Пока работали над «Галатеей», а потом и над «Старым танго», я поменяла, кажется, все гостиницы Ленинграда: жила и в «Европейской», и в «Астории», и в «Англетере», и в «Октябрьской», и в «Москве», и еще в каких-то гостиницах – и отовсюду сбегала. Дело в том, что наши съемки проходили по ночам (в другое время павильоны на студии не давали), я возвращалась поздно, голодная, а поесть негде. Идти в гостиничный ресторан – значит сидеть и ждать часа три. Никаких ночных магазинов тогда и в помине не было, а включать в номере электроплитку или кипятильник (чтобы хоть чаю согреть) не разрешалось. Повидаться ни с кем из друзей я в своем номере не могла – после одиннадцати часов вечера в гостиницу посторонние не допускались. Ладно, гостям приходить нельзя, но и массаж сделать невозможно, массажиста в гостиницу вечером тоже не пускают. А мне действительно после целого дня репетиций и съемок необходимо массаж сделать! И вот тогда я в Кировском театре как-то столкнулась с городским начальством и попросила «Помогите! Мне нужен массажист, а по гостиничным законам ему вечером приходить нельзя…» Из обкома партии позвонили в гостиницу и указали: «Надо пойти навстречу народной артистке!» После чего каждый день повторялась одна и та же история. В гостиничном коридоре у дежурной по этажу на столе под стеклом лежала бумажка, заверяющая что «Максимовой разрешается иметь в номере мужчину после 23 часов». Но дежурная каждый раз останавливала Володю (театрального массажиста, который согласился мне помочь), подозрительно его оглядывала и спрашивала «Молодой человек, а вы знаете, что после одиннадцати вечера в номере находиться нельзя?» И только после моего напоминания: «Посмотрите, у вас лежит бумажка», – эта «ключница» говорила «Ах да, вы Максимова, вам разрешили мужчину» – и пропускала его. Тут, конечно, открывались двери всех соседних номеров, все выглядывали и смотрели, как «к Максимовой шел мужчина»… История с массажистом стала последней каплей, и я взмолилась: «Поселите меня на улице Зодчего Росси! Дайте хоть какую-нибудь комнату в театральном общежитии!»

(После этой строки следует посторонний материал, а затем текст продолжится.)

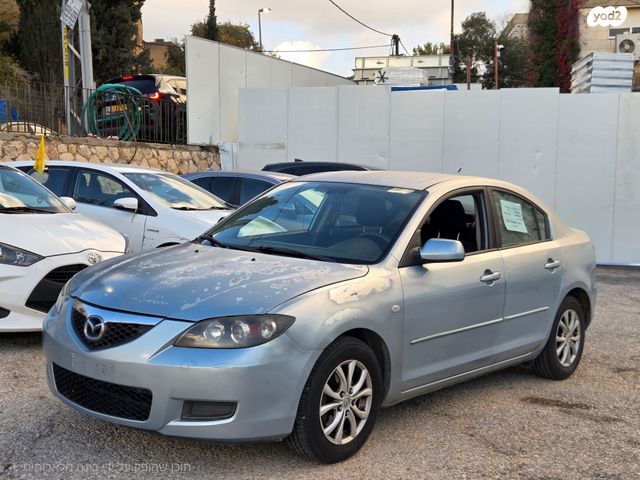 מודעת רכב מאזדה 3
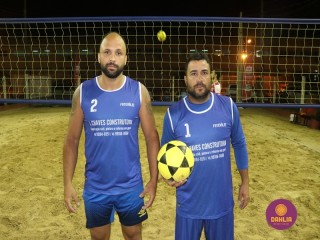 
<a style='margin-left: 5px;' class='btn btn-xs btn-social btn-facebook' href='https://www.facebook.com/sharer/sharer.php?u=https://www.boladovale.com.br/imgs/800-800-90/conteudo/fotos/1523/img9433.jpg' rel='popup' data-width='500' data-height='400'><i class='fa fa-facebook'></i>Compartilhar <span class='hidden-xs'>no Facebook</span>
</a> 
<a class='btn btn-default btn-xs' target='_blank' href='imgs/800-800-90/conteudo/fotos/1523/img9433.jpg'>
<span class='glyphicon glyphicon-cloud-download'></span> Salvar
</a> 
<span></span>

Так что во время съемок «Старого танго» я перебралась в общежитие Кировского театра, где многие проблемы сразу решились: и массажист мог спокойно приходить, и какая-то еда всегда находилась (я, со своим больным желудком, ведь еще и не всякую пищу есть могла: какие-нибудь магазинные пельмени на скорую руку никак не годились). Но у нас отличная компания собралась, где все друг о друге заботились. Причем в театральном общежитии я с тех пор останавливалась еще не раз, приезжая в Ленинград на другие съемки или на спектакли, и в разное время там проживали разные артисты, но атмосфера настоящего общего жития царила всегда. Жили «общим столом», кто что имел – выкладывал, кто что умел готовить – тот и стряпал на всех, у кого находилось время – тот и стирал, и порядок наводил. Дирижер Женя Колобов, например, на всех щи варил – десятилитровую кастрюлю. Его жена, хормейстер Наташа Попович, котлетки домашние крутила. Муразу Мурванидзе, художнику Кировского театра, из Грузии привозили зелень разную, фрукты. Никогда не выясняли: чья колбаса – твоя или моя, любой из нас залезал в холодильник и брал, что там лежало. Покупали продукты в расчете на всех жильцов и на гостей, потому что к каждому из нас постоянно приходили гости – и гости тоже становились общими. Все дни рождения, все праздники, все премьеры отмечали сообща. Там жил еще и Валерий Гергиев (правда, недолго), и Дима Брянцев, и Наташа Касаткина с Володей Василёвым. И дети там жили под общим присмотром около родителей (как с Женей Колобовым и Наташей – их прелестная дочка Марфуша). Котята какие-то всегда под ногами вертелись – в общем, вполне домашняя, уютная была обстановка.



В конце концов съемки «Старого танго» закончились, фильм показали по телевидению, однако такого успеха, как «Галатея», он не имел. У меня тоже есть свои претензии к этому телебалету, но, безусловно, интересную работу над ролью Петера я не считаю потерянным временем. Ну и конечно, после «Старого танго» мне начали предлагать сделать новые варианты старых фильмов: и «Веселых ребят» уже собирались переделать на балет, и «Волгу-Волгу»…

«Жиголо и жиголетта»

Во время каждых съемок, после постоянных ссор, взаимных обид и претензий Белинский вздымал руки и клялся: «Никогда больше не буду работать с Максимовой! Ни одного фильма! Ни за что!»… Проходило совсем немного времени – и опять возникал Александр Аркадьевич с очередной идеей. Я опять категорически говорила «Нет!» И мы начинали следующий фильм…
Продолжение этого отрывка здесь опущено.